The 3-on-3 overtime format is not a new concept as the British Columbia Hockey League (BCHL) has been using it instead of the shootout for several years, and the experience is proving to work for the league and fans alike! When a game is tied after regulation, the teams play the first overtime for five minutes at 4-on-4, just as we know it in the NHL. If, at the end of the first overtime, the game is still tied, they then proceed with five minutes at 3-on-3.
Before flying off the handle here, hear me out. For one, it’s still a team game instead of a one-on-one skills competition. Secondly, I personally wasn’t a fan of the idea until I got to experience it, being able to watch the BCHL first hand for years now.
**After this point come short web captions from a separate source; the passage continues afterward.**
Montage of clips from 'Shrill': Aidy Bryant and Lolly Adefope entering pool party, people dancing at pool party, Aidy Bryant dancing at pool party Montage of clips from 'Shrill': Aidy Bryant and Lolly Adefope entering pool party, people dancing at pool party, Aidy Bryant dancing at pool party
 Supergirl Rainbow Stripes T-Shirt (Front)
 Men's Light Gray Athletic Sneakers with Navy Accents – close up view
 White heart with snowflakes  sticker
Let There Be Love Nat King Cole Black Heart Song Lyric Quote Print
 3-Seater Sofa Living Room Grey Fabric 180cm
Two of the most entertaining games of the year last year that I was given to watch, all levels included, were tie games.
I’ve done some research and here are some very interesting stats to back up the idea:
- In the past 7 seasons, the BCHL has seen 3,510 regular season’s games
- Of those games, 544 were decided in OT, either at 4-on-4 or at 3-on-3
- Only 74 games in seven seasons ended in a tie, about two per cent of all games played
What does that mean? If we use that two per cent and put it on a NHL 82 games schedule, it represents less than one game per season per team ending in a tie. Considering that this percentage is calculated at the junior level, just imagine NHL caliber players playing the second overtime at 3-on-3, where every rush is a two-on-one! It could very well be even less than that. You can be watching the most boring game, the last ten minutes of overtime will give fans entertainment for their money, it’s guaranteed! Now if the NHL can’t live with that, I don’t know what’s wrong with them.
So can we please get our game back instead of trying to lure fair-weather fans? How long before the NHL realizes that aside from eliminating tie games, their gimmick did not achieve what they were hoping for? The NBA doesn’t decide games with free-throws. The NFL, the most successful pro sport in North America, doesn’t decide winners with a field goals contest or with having the quarterback throwing the football through hoops. MLB doesn’t end games with a home-run derby.
There’s a reason for that folks: it’s not part of the game, as those are all skills competitions. I don’t like soccer; I don’t watch it more because they have shootouts. Thinking that the NHL would draw more fans with the shootout is a pipe dream at best. Leave the skills competitions where they belong, at the All-Star game. I remember the days when it was exciting to see a penalty shot during a game… not anymore, the novelty has worn off!
I’ll leave the final words to Brian Burke: “I loathe the shootout. I hate it. I detest it. I despise it. I don’t know if I can be any clearer.”
I’d be curious to poll some former BCHL players like Duncan Keith, Chuck Kobasew, Brendan Morrison, Travis Zajac, Ryan Johansen or Kyle Turris to see what they would have to say about the idea.